I haven’t been actively involved in my lodge for some years now, but in the Masonic lodges one finds books with scripts for all of the degrees and rituals of Freemasonry. These are in the form of plays and dialogues. A Mason earns each of the three degrees, in order, by memorizing, practicing, and performing the central role in these plays. This tradition of “morality plays”, of people acting out stories from mythology to prove a point, is a tradition well documented in the world of Classical Antiquity, and was used in both exoteric pagan religion (public performances on feast days), and in the esoteric Mystery Schools.

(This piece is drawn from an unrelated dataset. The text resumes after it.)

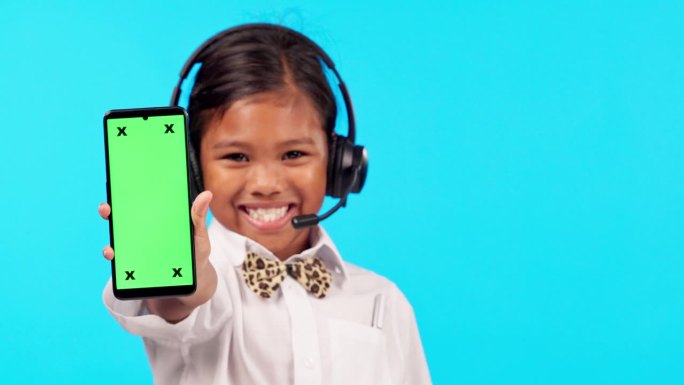 呼叫中心，一个女孩的画像，她拿着智能手机，戴着蓝色背景的绿屏耳机，很开心。广告或营销，样机空间或联系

But these Masonic script books are lightly encrypted, substituting a set of maybe 100~300 simple pictograms / logograms for most of the important words. To a candidate who duly memorized and practiced the degree at any point, e scripts are helpful and easy to use mnemonics. But to anyone who hadn’t, they don’t mean much, and are not at all intuitive. It’s a simple way of making information accessible to those who have earned it, but withholding it from those who have not. I tried to locate one of these books or something like it when Shannon entropy of different kinds of information specimens was a hot topic over at Voynich.ninja, but I didn’t have much luck, and stopped because I try to be a man of my word, and didn’t feel right sharing this information that I kind of promised my Brothers I wouldn’t share.
Letting my imagination run with this for a second, this might make an interesting explanation for the transition from Currier A to Currier B. Perhaps learning and/or decoding Voynichese was the challenge needed to earn one’s degrees in this fraternal order, and the code got harder and more complex with each degree.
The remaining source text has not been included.